◆ Task to carry out: Each line from the opening of the listing below through the line that contains "3 ракурс Стеклоподъемник" is to be output exactly as written.

◆ Extracted records:
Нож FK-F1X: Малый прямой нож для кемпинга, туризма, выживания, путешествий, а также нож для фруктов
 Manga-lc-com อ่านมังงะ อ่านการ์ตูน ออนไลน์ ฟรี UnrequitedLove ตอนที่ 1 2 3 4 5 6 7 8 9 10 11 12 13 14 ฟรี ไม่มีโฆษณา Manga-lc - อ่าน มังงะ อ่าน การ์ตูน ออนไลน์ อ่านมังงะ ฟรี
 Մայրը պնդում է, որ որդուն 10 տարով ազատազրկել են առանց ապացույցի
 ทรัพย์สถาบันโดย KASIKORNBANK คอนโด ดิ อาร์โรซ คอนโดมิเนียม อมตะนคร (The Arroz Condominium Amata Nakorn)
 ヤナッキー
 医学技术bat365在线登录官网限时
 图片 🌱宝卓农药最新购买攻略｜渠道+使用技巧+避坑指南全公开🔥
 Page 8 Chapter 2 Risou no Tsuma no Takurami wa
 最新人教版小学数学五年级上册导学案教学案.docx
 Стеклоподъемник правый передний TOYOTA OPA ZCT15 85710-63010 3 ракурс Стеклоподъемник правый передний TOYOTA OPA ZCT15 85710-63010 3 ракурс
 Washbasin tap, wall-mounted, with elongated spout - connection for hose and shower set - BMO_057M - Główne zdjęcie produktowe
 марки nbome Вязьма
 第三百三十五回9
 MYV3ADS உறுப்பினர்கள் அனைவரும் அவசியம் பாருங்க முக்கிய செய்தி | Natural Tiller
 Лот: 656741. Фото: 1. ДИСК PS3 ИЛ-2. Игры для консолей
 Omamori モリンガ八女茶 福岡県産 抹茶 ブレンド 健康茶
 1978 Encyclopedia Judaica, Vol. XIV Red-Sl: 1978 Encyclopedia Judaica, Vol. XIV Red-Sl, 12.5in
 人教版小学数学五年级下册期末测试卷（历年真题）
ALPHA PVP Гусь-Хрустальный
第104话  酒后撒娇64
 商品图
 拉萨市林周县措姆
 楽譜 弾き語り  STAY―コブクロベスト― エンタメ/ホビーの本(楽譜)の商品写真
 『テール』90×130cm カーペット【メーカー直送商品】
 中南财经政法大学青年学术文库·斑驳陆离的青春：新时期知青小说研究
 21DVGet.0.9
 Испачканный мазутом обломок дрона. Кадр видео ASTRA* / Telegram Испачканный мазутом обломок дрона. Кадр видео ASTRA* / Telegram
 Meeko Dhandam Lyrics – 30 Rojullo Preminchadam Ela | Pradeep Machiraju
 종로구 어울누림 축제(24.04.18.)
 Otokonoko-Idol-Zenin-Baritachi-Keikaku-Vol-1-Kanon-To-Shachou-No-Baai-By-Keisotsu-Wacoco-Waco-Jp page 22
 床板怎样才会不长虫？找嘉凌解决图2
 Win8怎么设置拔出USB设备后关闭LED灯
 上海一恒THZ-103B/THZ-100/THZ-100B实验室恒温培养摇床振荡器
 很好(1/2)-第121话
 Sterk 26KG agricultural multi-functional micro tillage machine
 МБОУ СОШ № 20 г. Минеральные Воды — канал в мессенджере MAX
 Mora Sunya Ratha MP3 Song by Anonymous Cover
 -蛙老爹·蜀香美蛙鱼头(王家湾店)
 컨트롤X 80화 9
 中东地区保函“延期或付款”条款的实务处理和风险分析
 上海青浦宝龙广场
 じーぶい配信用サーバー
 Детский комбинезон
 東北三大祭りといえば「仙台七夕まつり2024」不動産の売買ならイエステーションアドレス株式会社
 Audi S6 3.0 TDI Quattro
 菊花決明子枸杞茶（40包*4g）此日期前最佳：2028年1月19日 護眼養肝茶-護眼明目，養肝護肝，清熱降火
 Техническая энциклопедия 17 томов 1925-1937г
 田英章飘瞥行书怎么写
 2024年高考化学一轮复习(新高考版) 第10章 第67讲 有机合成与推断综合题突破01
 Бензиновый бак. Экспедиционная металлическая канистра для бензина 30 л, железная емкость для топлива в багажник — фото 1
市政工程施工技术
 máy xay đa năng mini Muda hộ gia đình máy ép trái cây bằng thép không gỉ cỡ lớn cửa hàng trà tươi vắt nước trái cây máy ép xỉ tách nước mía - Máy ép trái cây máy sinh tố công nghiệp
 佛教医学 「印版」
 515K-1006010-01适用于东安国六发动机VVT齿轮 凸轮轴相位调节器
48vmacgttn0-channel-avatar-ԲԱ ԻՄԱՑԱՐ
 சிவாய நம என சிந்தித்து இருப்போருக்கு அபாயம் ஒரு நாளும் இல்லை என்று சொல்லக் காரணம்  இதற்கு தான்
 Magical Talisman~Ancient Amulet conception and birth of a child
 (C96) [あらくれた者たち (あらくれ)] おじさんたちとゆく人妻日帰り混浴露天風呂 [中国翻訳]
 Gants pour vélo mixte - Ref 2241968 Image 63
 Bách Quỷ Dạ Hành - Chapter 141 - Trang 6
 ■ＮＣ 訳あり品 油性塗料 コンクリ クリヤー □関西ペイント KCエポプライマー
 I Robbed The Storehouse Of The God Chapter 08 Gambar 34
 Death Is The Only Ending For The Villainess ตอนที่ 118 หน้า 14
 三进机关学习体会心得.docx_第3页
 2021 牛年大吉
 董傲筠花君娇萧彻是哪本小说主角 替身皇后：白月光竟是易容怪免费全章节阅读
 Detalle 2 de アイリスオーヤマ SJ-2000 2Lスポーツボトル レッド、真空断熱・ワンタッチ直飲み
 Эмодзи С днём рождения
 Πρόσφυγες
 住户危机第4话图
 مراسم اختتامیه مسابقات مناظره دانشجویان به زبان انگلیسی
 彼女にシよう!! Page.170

◆ Written solution:
Нож FK-F1X: Малый прямой нож для кемпинга, туризма, выживания, путешествий, а также нож для фруктов
 Manga-lc-com อ่านมังงะ อ่านการ์ตูน ออนไลน์ ฟรี UnrequitedLove ตอนที่ 1 2 3 4 5 6 7 8 9 10 11 12 13 14 ฟรี ไม่มีโฆษณา Manga-lc - อ่าน มังงะ อ่าน การ์ตูน ออนไลน์ อ่านมังงะ ฟรี
 Մայրը պնդում է, որ որդուն 10 տարով ազատազրկել են առանց ապացույցի
 ทรัพย์สถาบันโดย KASIKORNBANK คอนโด ดิ อาร์โรซ คอนโดมิเนียม อมตะนคร (The Arroz Condominium Amata Nakorn)
 ヤナッキー
 医学技术bat365在线登录官网限时
 图片 🌱宝卓农药最新购买攻略｜渠道+使用技巧+避坑指南全公开🔥
 Page 8 Chapter 2 Risou no Tsuma no Takurami wa
 最新人教版小学数学五年级上册导学案教学案.docx
 Стеклоподъемник правый передний TOYOTA OPA ZCT15 85710-63010 3 ракурс Стеклоподъемник правый передний TOYOTA OPA ZCT15 85710-63010 3 ракурс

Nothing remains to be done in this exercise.